-- EXERCISE GOAL --
Retype only what runs from the first line of the listing to the line holding "art illustration Abstract", both included. Do not retype the pictures.

-- SUPPLIED RECORDS --

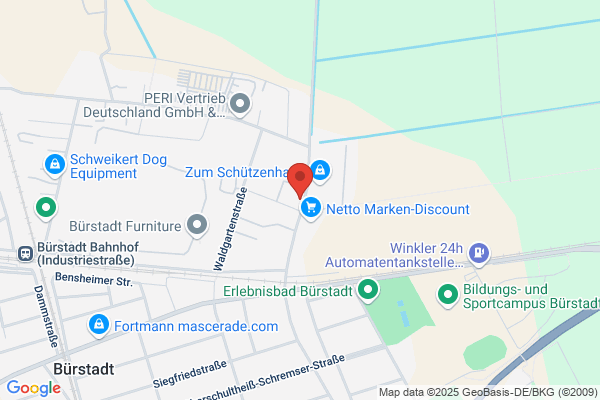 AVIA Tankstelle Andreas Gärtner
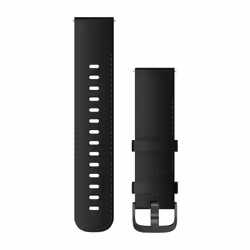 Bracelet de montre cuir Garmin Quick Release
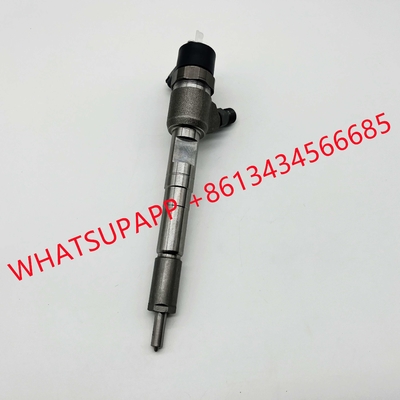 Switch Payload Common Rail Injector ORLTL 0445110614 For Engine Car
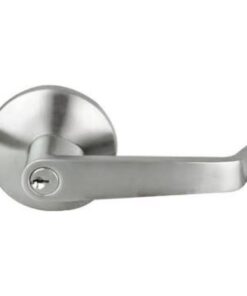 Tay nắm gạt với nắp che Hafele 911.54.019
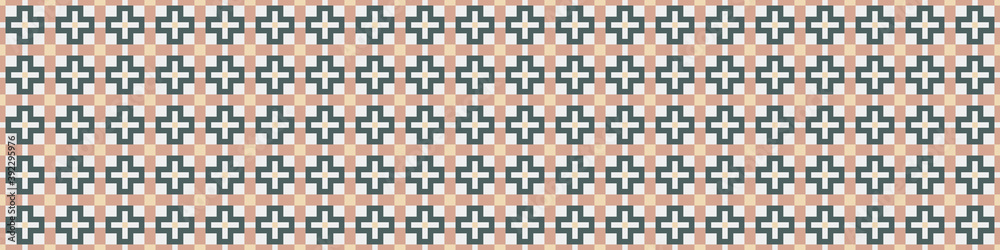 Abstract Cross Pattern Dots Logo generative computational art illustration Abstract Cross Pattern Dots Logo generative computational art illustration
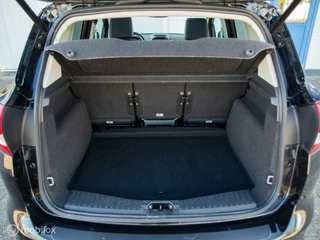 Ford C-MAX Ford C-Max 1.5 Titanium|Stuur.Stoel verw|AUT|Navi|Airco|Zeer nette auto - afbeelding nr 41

-- REPLY --
 AVIA Tankstelle Andreas Gärtner
 Bracelet de montre cuir Garmin Quick Release
 Switch Payload Common Rail Injector ORLTL 0445110614 For Engine Car
 Tay nắm gạt với nắp che Hafele 911.54.019
 Abstract Cross Pattern Dots Logo generative computational art illustration Abstract Cross Pattern Dots Logo generative computational art illustration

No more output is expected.